Fungi have their classification, with a unique kingdom that includes yeast, molds, and mushrooms. These eukaryotic organisms, which have cell nuclei enclosed by nuclear envelopes, are different from bacteria, plants, animals, and certain protists. They can be single or multi-celled. Their habitat is in soil and dead matter. When bread goes stale and grows penicillium mold, that is the basis for the antibiotic penicillin, which is purified from its base form. Some molds are pests or can serve as biocontrol for pests and invasive plants. Yeast is used for leavening bread and fermenting food products. The fermentation process converts carbohydrates or sugars to organic acids or alcohol under oxygen-free (anaerobic) conditions.
#7: Microscopic organisms
Protozoa and bacteria are the main microorganisms that play a key role as animal decomposers. They are microscopic. Protozoa, slime molds (also called fungus-like Protista), and algae are eukaryotic and belong to the kingdom Protista, while bacteria belong to the kingdom Monera. Protista includes all organisms that are not plants, animals, or fungi.

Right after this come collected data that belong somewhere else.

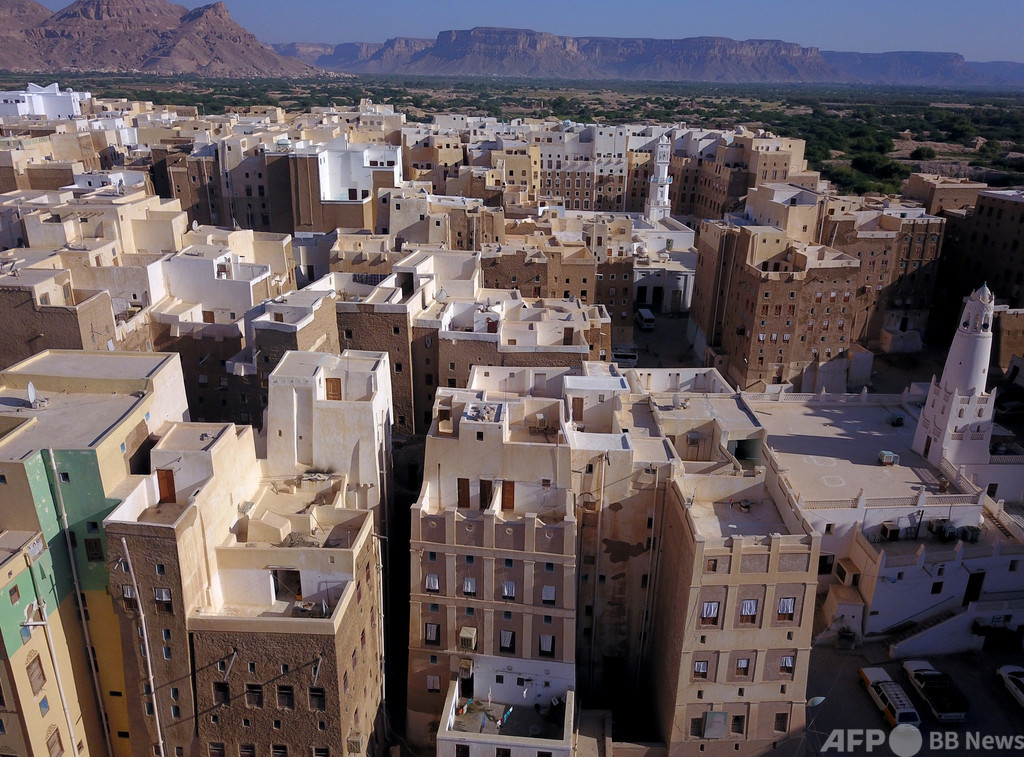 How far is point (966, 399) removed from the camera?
43562 millimetres

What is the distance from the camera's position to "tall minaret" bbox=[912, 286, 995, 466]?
4322cm

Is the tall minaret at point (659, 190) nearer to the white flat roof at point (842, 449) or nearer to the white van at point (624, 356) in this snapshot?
the white van at point (624, 356)

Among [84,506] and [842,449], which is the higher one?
[84,506]

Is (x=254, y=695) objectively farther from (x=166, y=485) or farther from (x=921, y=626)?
(x=921, y=626)

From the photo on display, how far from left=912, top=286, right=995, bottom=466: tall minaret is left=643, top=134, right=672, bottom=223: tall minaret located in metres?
62.1

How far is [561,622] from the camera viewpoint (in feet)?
101

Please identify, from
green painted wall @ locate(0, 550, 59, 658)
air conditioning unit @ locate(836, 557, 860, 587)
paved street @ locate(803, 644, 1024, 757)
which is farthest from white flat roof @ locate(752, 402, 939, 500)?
green painted wall @ locate(0, 550, 59, 658)

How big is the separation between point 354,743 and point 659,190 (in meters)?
90.6

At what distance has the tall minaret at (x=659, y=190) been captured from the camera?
343 ft

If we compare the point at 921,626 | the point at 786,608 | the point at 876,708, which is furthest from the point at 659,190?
the point at 786,608

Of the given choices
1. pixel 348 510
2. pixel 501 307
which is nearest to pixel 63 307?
pixel 348 510

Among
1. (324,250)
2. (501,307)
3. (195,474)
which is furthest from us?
(324,250)

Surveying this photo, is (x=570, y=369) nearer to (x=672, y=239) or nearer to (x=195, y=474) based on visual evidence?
(x=195, y=474)

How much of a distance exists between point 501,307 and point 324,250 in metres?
21.9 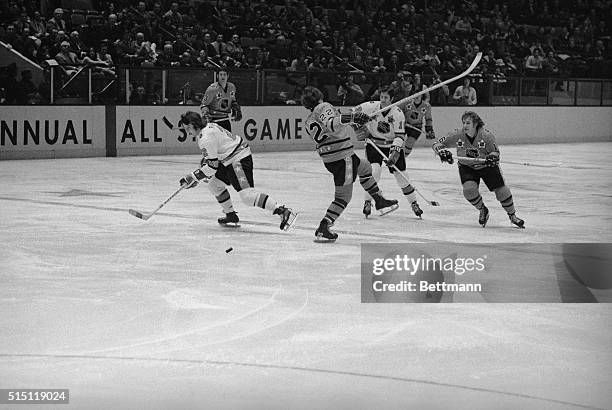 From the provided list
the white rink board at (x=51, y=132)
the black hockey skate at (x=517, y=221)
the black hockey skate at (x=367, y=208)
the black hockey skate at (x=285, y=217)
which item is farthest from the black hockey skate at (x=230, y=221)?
the white rink board at (x=51, y=132)

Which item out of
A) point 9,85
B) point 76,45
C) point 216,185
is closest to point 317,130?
point 216,185

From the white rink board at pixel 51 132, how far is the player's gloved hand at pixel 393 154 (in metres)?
8.74

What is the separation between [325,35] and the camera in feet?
81.5

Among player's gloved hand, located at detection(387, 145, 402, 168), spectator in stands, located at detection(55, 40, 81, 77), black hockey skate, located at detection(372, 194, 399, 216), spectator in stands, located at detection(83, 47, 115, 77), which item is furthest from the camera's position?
spectator in stands, located at detection(83, 47, 115, 77)

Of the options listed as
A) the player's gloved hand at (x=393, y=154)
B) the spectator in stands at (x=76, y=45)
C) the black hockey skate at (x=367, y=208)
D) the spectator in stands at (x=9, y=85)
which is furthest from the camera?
the spectator in stands at (x=76, y=45)

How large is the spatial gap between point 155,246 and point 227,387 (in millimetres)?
4504

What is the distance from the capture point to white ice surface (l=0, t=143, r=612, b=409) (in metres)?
4.49

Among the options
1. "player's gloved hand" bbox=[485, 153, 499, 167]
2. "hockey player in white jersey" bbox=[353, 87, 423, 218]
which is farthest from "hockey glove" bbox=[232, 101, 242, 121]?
"player's gloved hand" bbox=[485, 153, 499, 167]

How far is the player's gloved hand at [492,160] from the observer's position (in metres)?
10.3

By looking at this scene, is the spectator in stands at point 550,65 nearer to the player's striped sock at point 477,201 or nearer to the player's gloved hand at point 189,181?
the player's striped sock at point 477,201

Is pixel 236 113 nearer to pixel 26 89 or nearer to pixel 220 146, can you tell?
pixel 26 89

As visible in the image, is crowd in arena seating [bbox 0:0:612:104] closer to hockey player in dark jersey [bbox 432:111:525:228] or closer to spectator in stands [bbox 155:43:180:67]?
spectator in stands [bbox 155:43:180:67]

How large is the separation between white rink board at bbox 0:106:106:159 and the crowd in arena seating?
0.81 meters

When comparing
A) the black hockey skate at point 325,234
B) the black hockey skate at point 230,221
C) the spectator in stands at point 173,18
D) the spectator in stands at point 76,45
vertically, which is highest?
the spectator in stands at point 173,18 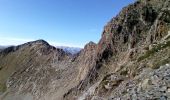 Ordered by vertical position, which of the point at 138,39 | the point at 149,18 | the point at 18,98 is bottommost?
the point at 18,98

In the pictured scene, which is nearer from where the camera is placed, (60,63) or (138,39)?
(138,39)

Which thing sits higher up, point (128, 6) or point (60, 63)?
point (128, 6)

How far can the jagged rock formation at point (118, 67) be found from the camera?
2800 cm

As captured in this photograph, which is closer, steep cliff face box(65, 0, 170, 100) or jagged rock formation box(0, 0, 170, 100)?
jagged rock formation box(0, 0, 170, 100)

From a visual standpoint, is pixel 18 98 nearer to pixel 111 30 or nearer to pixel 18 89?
pixel 18 89

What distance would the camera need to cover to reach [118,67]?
6881 centimetres

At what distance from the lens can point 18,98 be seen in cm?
16312

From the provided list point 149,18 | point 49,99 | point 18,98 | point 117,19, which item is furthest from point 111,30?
point 18,98

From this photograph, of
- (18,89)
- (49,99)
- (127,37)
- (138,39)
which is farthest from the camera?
(18,89)

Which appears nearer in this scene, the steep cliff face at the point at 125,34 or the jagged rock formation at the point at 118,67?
the jagged rock formation at the point at 118,67

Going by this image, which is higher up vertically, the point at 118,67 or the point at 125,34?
the point at 125,34

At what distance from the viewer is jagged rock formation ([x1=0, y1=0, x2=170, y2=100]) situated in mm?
28003

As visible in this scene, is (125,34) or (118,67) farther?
(125,34)

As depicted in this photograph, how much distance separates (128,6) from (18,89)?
107m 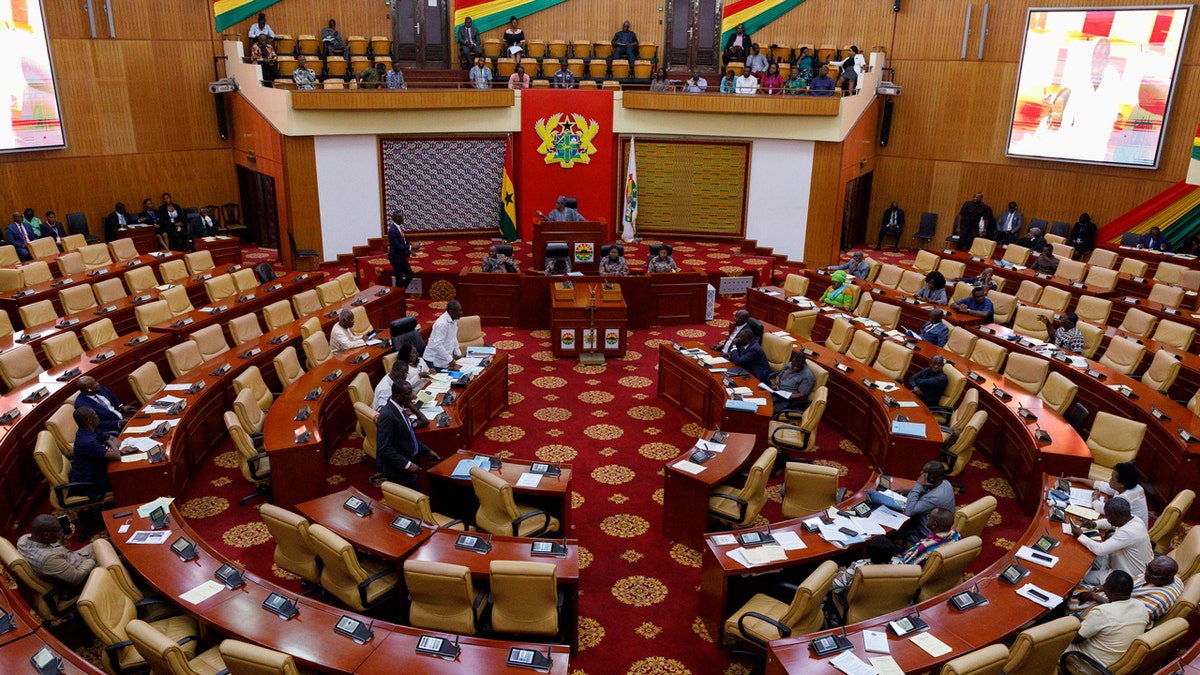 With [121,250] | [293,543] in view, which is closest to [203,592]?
[293,543]

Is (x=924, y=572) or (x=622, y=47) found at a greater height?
(x=622, y=47)

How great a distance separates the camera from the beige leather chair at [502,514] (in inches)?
269

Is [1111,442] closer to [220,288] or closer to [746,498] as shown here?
[746,498]

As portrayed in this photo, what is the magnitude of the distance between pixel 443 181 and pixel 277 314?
312 inches

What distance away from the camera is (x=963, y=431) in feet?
27.2

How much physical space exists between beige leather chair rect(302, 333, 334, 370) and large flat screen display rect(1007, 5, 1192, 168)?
49.7ft

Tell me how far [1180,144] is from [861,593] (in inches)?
590

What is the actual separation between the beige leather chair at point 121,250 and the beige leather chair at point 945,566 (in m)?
14.0

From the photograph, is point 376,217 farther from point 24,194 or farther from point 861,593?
point 861,593

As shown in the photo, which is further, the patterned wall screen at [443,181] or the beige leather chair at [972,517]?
the patterned wall screen at [443,181]

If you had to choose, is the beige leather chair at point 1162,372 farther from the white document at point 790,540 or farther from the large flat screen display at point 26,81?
the large flat screen display at point 26,81

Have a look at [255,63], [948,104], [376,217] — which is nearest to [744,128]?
[948,104]

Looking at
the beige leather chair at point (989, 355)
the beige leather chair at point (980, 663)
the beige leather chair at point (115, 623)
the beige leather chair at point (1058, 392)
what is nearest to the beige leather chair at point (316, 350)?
the beige leather chair at point (115, 623)

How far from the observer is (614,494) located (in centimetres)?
852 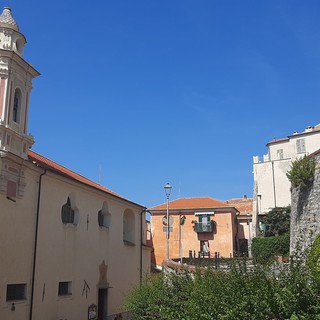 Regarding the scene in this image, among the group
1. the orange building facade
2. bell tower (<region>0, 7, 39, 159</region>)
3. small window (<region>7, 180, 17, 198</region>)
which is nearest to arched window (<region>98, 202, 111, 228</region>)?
bell tower (<region>0, 7, 39, 159</region>)

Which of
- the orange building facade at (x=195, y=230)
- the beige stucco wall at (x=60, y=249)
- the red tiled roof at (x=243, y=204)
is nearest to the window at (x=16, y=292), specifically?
the beige stucco wall at (x=60, y=249)

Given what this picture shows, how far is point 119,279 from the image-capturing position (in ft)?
99.2

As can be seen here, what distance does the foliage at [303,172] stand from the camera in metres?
20.8

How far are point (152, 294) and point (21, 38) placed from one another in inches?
539

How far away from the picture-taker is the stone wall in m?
20.0

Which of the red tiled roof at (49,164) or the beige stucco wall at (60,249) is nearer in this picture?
the beige stucco wall at (60,249)

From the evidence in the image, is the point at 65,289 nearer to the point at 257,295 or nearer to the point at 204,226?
the point at 257,295

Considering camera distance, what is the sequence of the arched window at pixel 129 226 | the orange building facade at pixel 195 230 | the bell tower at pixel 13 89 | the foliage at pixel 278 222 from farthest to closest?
the orange building facade at pixel 195 230 → the foliage at pixel 278 222 → the arched window at pixel 129 226 → the bell tower at pixel 13 89

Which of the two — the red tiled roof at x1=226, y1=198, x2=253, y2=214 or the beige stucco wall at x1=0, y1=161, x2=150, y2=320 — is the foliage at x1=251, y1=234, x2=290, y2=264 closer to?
the beige stucco wall at x1=0, y1=161, x2=150, y2=320

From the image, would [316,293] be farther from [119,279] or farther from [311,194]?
[119,279]

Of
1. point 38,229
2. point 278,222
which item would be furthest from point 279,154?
point 38,229

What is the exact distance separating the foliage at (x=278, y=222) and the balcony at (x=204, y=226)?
6.59m

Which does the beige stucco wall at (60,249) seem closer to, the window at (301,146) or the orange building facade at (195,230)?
the orange building facade at (195,230)

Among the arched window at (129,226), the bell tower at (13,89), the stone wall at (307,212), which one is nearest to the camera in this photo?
the bell tower at (13,89) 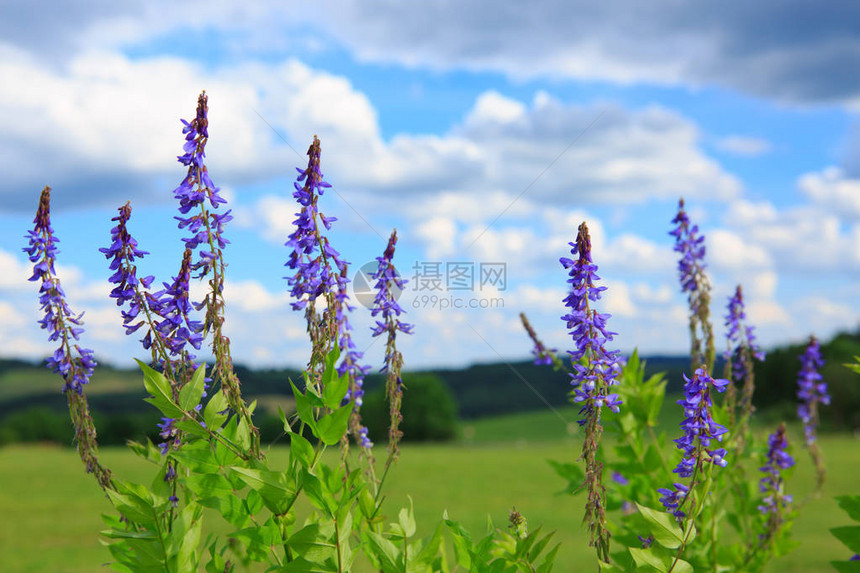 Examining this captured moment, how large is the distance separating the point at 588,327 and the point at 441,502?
39.5 meters

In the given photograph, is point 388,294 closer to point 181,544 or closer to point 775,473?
point 181,544

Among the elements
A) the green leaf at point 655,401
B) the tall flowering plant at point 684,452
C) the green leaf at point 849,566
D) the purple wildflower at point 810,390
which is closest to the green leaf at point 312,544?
the tall flowering plant at point 684,452

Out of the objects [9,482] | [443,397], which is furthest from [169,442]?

However, not all protozoa are decomposers. The giant amoeba is an example of one that is. Not all protists are decomposers, either, unless they feed on dead matter. Protists generally feed off bacteria, microfungi, and unicellular algae, helping to control both organic and chemical pollution. Bacteria, on the other hand, are used to ferment dairy, meat, and other foods, and create sour foods such as yogurt and sauerkraut. In normal conditions with exposure to air, however, bacteria rot organic matter or dead matter and make it rancid.
#6: Fly Larvae
Fly larvae, also known as maggots, are voracious devourers of dead matter and rotting matter. The mother lays the eggs in the dead matter or rotting matter for the larvae to have as a food source. After the eggs hatch, the larvae feed for about five days and then find a dark, dry location to develop into their pupal phase. When feeding on dead matter, they liquefy the tissues and prepare them for bacteria.
Most of us are familiar with centipedes. Millipedes are arthropods that feed on dead matter, unlike centipedes, which are predators and feed on insects and other smaller arthropods. “Millipede” means “a thousand legs” and “centipede” means “a hundred legs.”
The pests known as termites break down decaying and deadwood. How do they do it? Inside their stomachs, they have protozoa, which can break down cellulose into digestible sugar. Inside these protozoa, which are protists, live beneficial bacteria that work in the metabolic process. Newborn termites get protozoa by eating the feces of older termites.
Sowbugs, as well as pillbugs, have a diet of dead matter, namely decaying and dead vegetation and compost. What makes them different is that sowbugs cannot roll into a ball and have two tail-like, small appendages on their ends. Both are terrestrial crustaceans, also called isopods. Sowbugs are also called woodlice and are pests inside moist, cold places of the home.
Beetles, particularly carrion beetles, eat the dead matter of other organisms and excrete organic pellets, which serve as fertilizer for plants. They break down the dead matter for them to be small enough pieces that can return to the ecosystem, namely in their feces. Beetles also remove excrement and create tunnels, which make it easier for other decomposers to feed.
Slugs are known for being slimy and slow. The word “sluggish” means to be lazy and slow like a slug. But slugs, particularly banana slugs, are important animal decomposers in the ecosystem. These gastropods that look like shell-less snails love damp or moist soil to keep a layer of mucus on their bodies and eat the dead matter of plants, moss, mushroom spores, and animal droppings. Banana slugs are the largest slugs in the United States and are named for their yellow color, although they can also be green, brown, or white, with some sporting brown spots making them look like ripe bananas.